Demanding the repeal of draconian AFSPA, hundreds of Nagas from different walks of life on Monday joined a two-day walkathon from state’s commercial hub Dimapur to state capital Kohima, a distance of more than 75 kilometers.
Participants also seek justice for 14 civilians killed by security forces in Mon district in December last year.
The walkathon protest is organised by the Global Naga Forum through a sustained social media campaign.
This is a protest to reassert “our dignity as human beings,” Rukewezo Wetsah, one of the coordinators of the walkathon told PTI news agency.
“Not paying heed to the demand of the people in the aftermath of the Mon incident, the Centre on December 30 extended AFSPA for six more months. The public has come together to express their displeasure against the Centre’s decision,” he added.
Two weeks ago, the Union government declared the entire Nagaland as a “disturbed area” and extended Armed Forces (Special Powers) Act for another six months. This comes days after the Nagaland Legislative Assembly convened a special one-day session on 20 December to deliberate on AFSPA and the house had unanimously resolved to demand its repeal.

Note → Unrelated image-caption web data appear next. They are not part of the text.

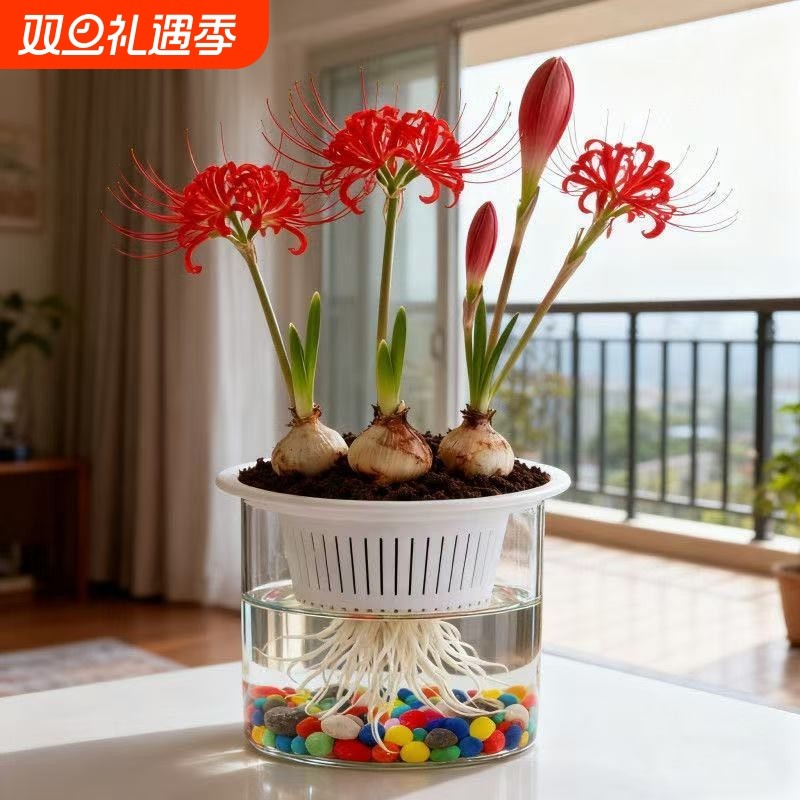 水培曼珠沙华石蒜阳台盆栽绿植花卉好养易活客厅庭院冬季开花卧室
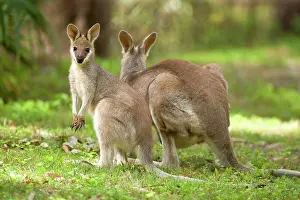 Weaned: Whiptail Wallaby - adult female with already weaned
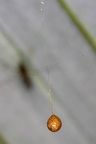 Mimetidae 1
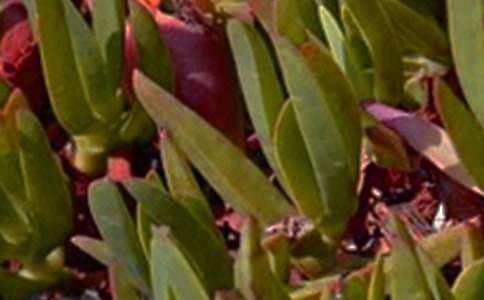 2026����ů���簲�ʺ��Ｏ��95��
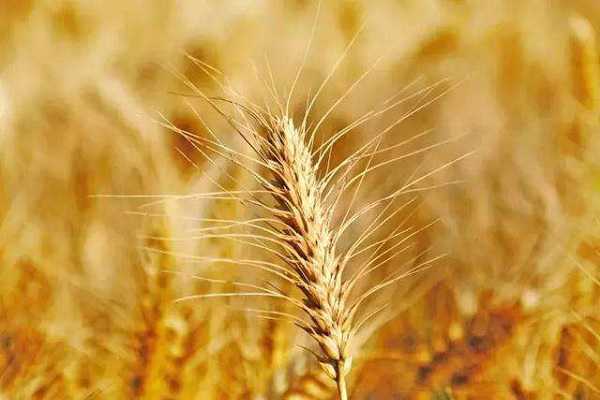 小麦高产管理技术要点 如何养护提高产量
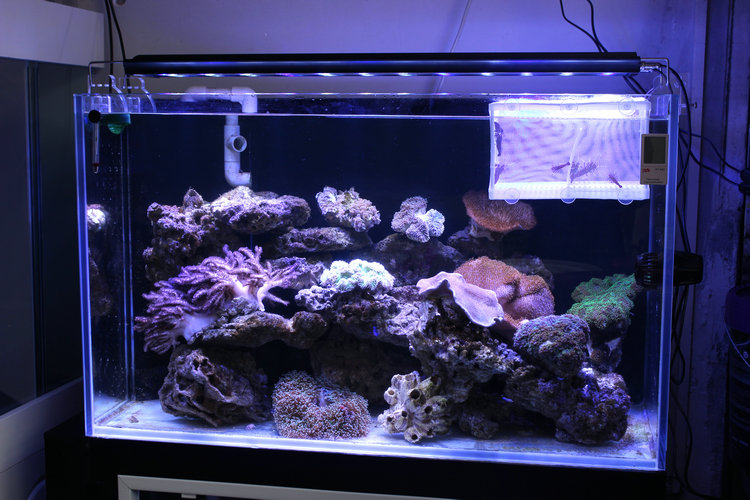 H40 LED Sea Water Coral Aquarium Light
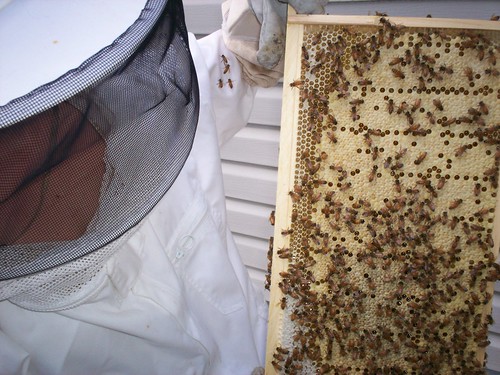 capped brood and a little capped honey in the bottom left of the frame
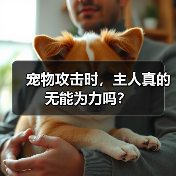 宠物攻击时,主人真的无能为力吗?(图3) 宠物攻击时,主人真的无能为力吗?(图3)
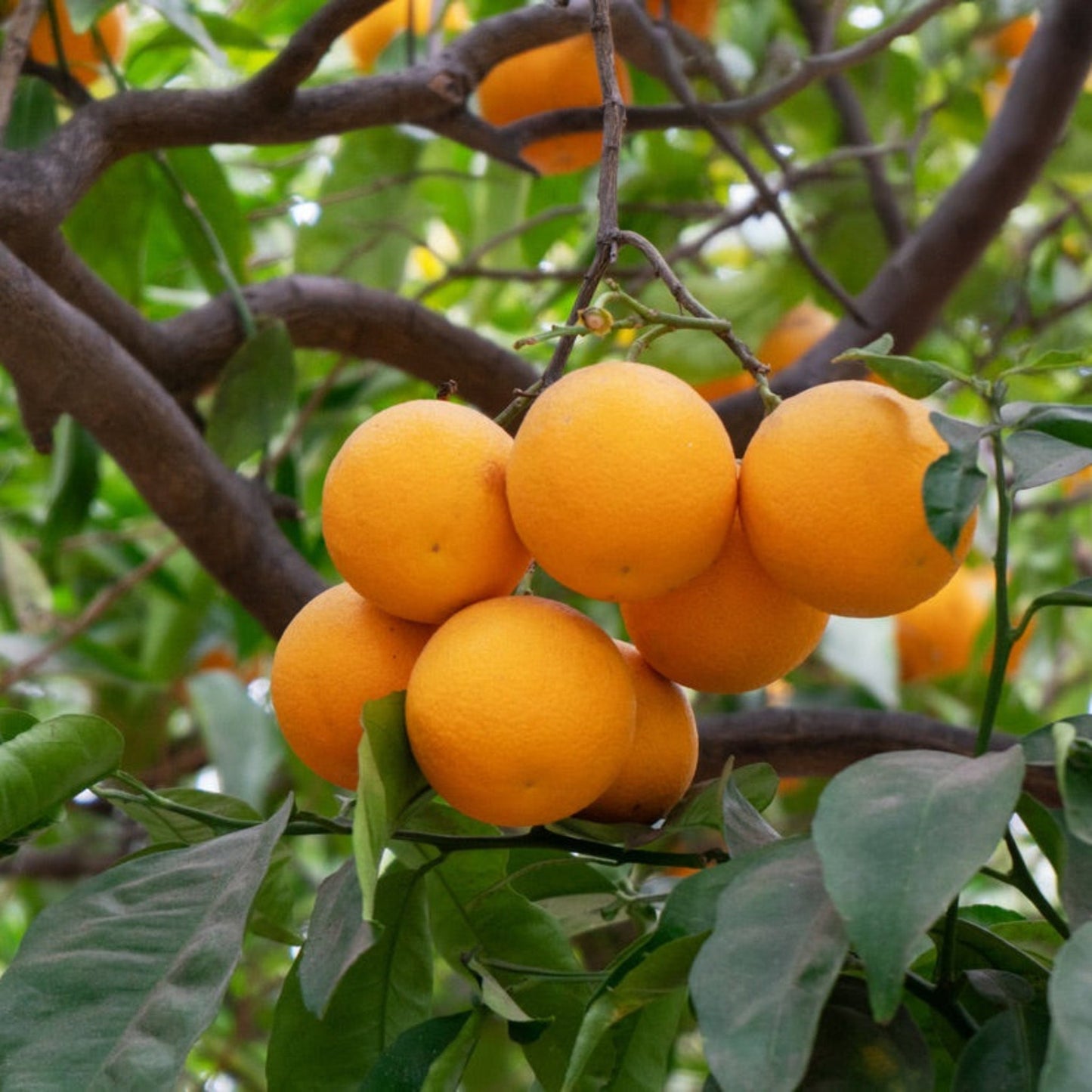 Washington Navel Orange Tree with ripe orange fruit on leafy branches on Tampa Home & Garden Store
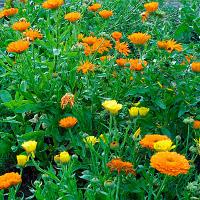 Calendula (Calendula officinalis)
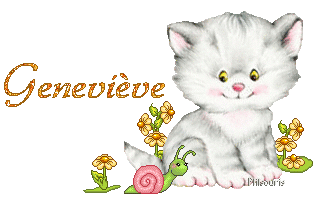 chat1990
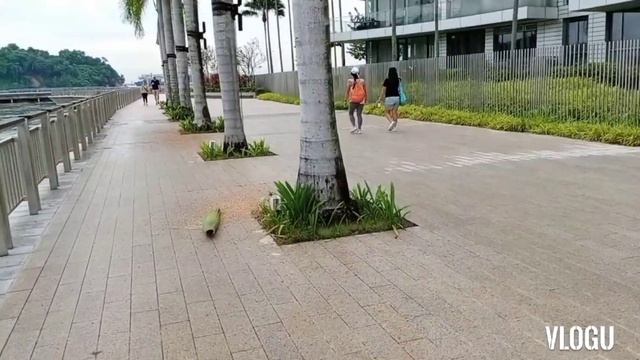 part 1 Labrador park Singapore смотреть онлайн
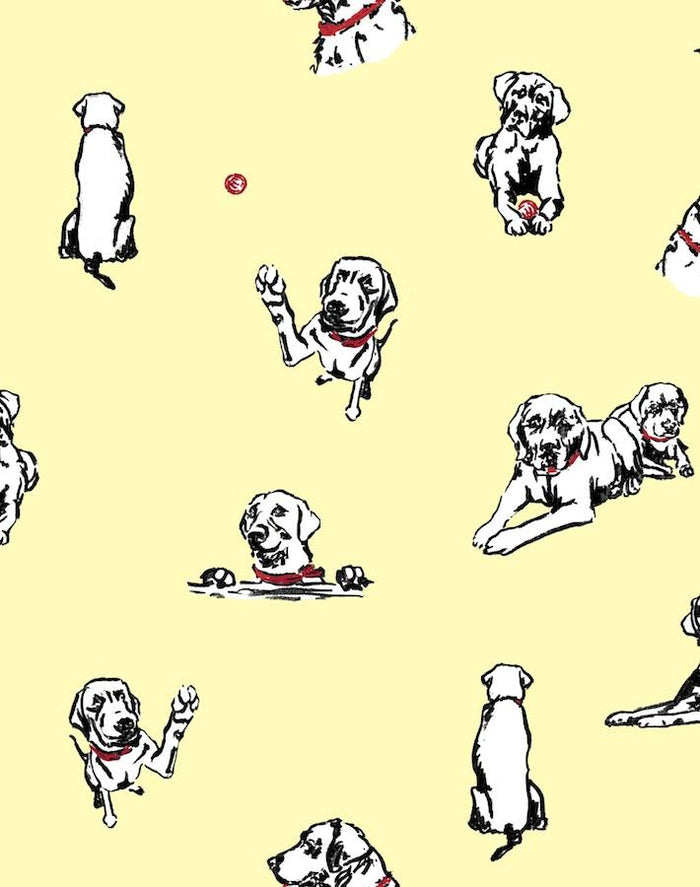Papier peint 'Nacho Toile' par Nathan Turner - Jaune
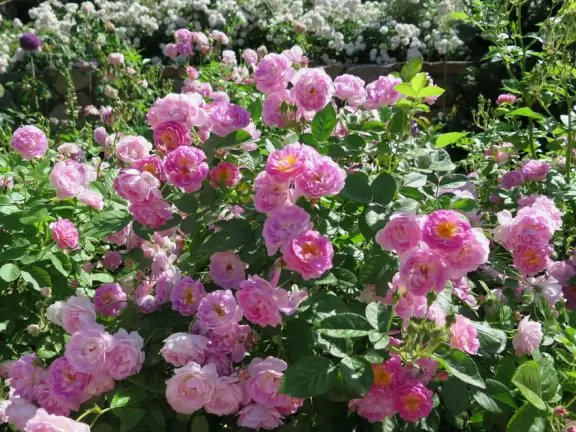 Large world-class garden with lakeside allees, flower terraces, and small Japanese garden.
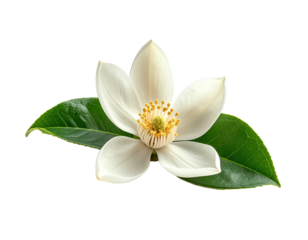 Isolated blossom with green leaves for floral design or decorative projects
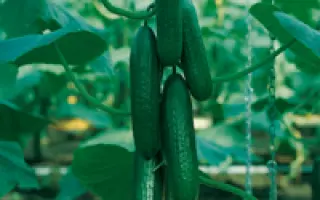 Пассандра F1 / Passandra F1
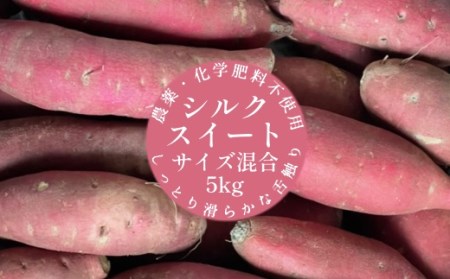 先行予約 サツマイモ（シルクスイート）５ｋｇ 農薬化学肥料不使用（洗い）【R00162】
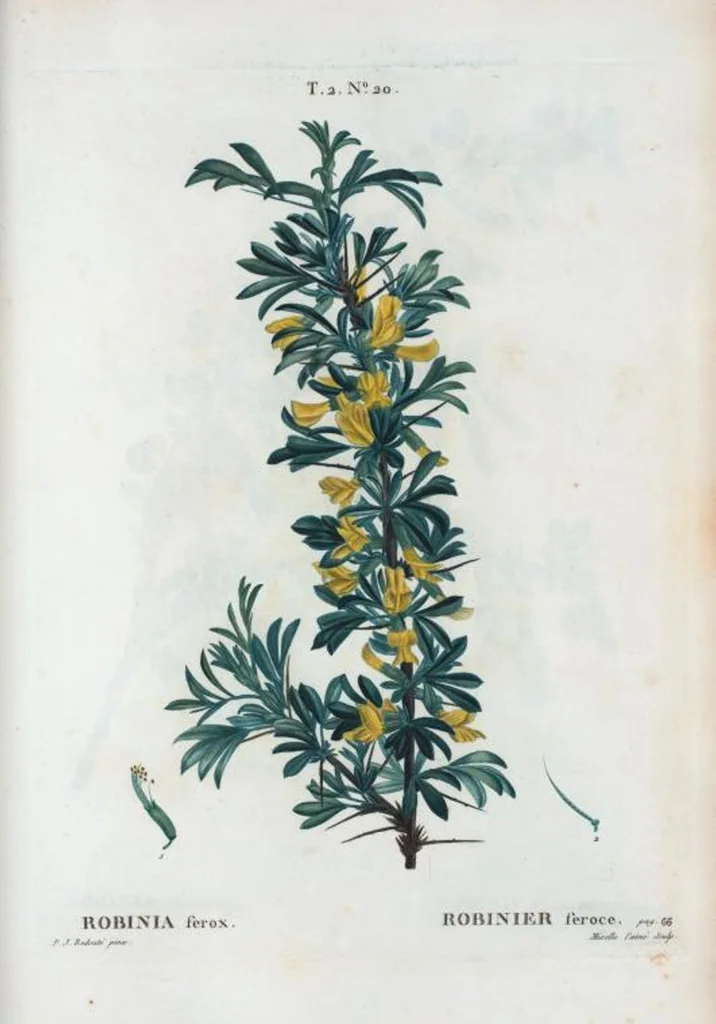 An illustration from Nouveau Duhamel, 1801, leaf 82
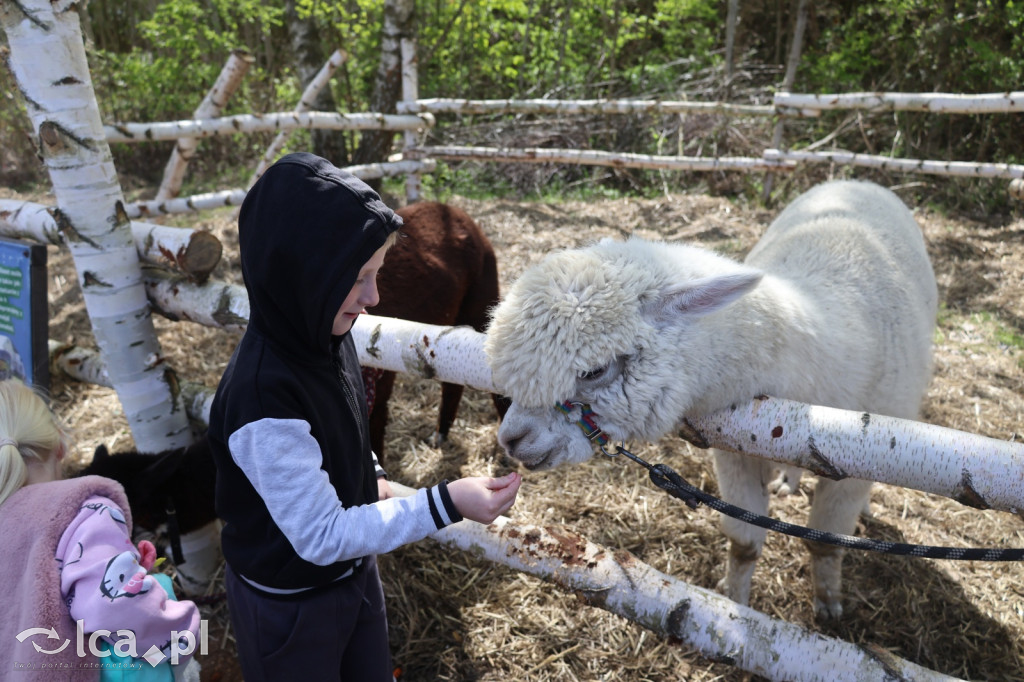 Szukasz czegoś. Zajedź do Bartoszowa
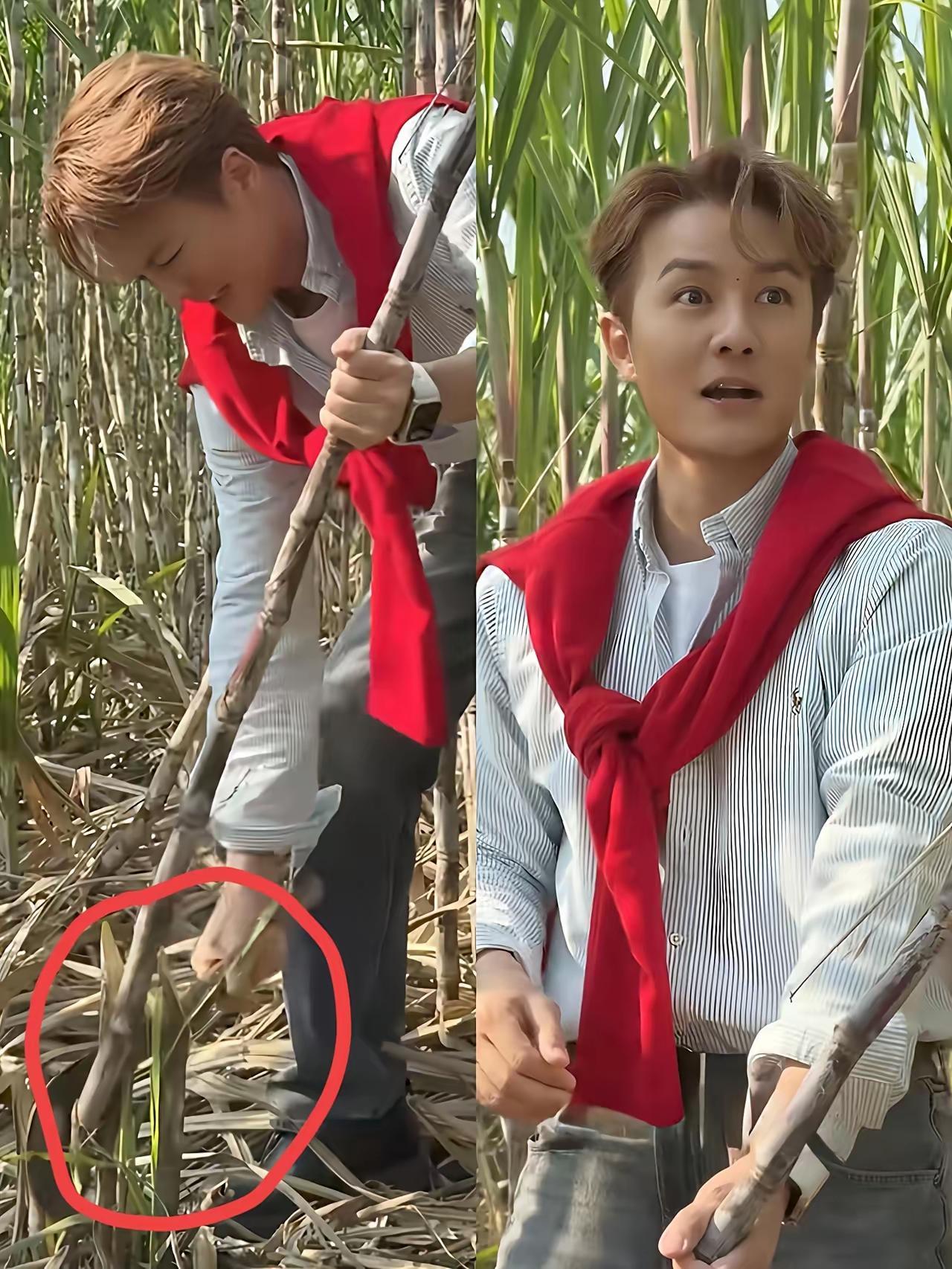 “奉劝”吴克群一句，
可以来广西，
也可以去剪砂糖橘，但是千万不要轻易去砍甘蔗啊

According to Naga People’s Front (NPF), the extension is a manifestation of the utter disregard the Union government has for the voices of small states, particularly in northeast India.
These developments come a month after the cold-blood murder of 13 civilians by the Indian Army in Nagaland.
The AFSPA gives armed forces deployed in internal conflicts broad powers to use lethal force and provides soldiers with effective immunity from prosecution.
Following the killings, the chief ministers of Nagaland and neighboring Meghalaya state, both allied to the Bharatiya Janata Party-led Union government, called for the repeal of AFSPA, as did opposition politicians, human rights activists, and affected residents.
The AFSPA, enacted in 1958 as a short-term measure to allow deployment of the army to counter an armed separatist movement in the Naga Hills, has now been in force for over 60 years. In addition to Nagaland, it is currently used in Manipur, Assam, and parts of Arunachal Pradesh and Jammu and Kashmir.
The AFSPA gives the armed forces wide powers to shoot to kill, make arrests on flimsy pretexts, conduct warrantless searches, and demolish structures in the name of “aiding civil power,” Human Rights Watch said.
The powers that the law extends to the armed forces come into force once an area subject to the act has been declared “disturbed” by the Union or state government. This declaration is not subject to judicial review.
Several reports of human rights groups found that equipped with these special powers, soldiers have raped, tortured, forcibly disappeared, and killed people without fear of being held accountable in these regions.
The act violates international human rights law protections, including the right to life, the right to be protected from arbitrary arrest and detention, and the right to be free from torture and cruel, inhuman, or degrading treatment. It also denies the victims and their families the right to a remedy.
Several government-appointed commissions in India have recommended repealing the law. Several United Nations human rights bodies have also called for the repeal of the law. A 2019 report on Jammu and Kashmir by the Office of the United Nations High Commissioner for Human Rights noted that the AFSPA “remains a key obstacle to accountability.”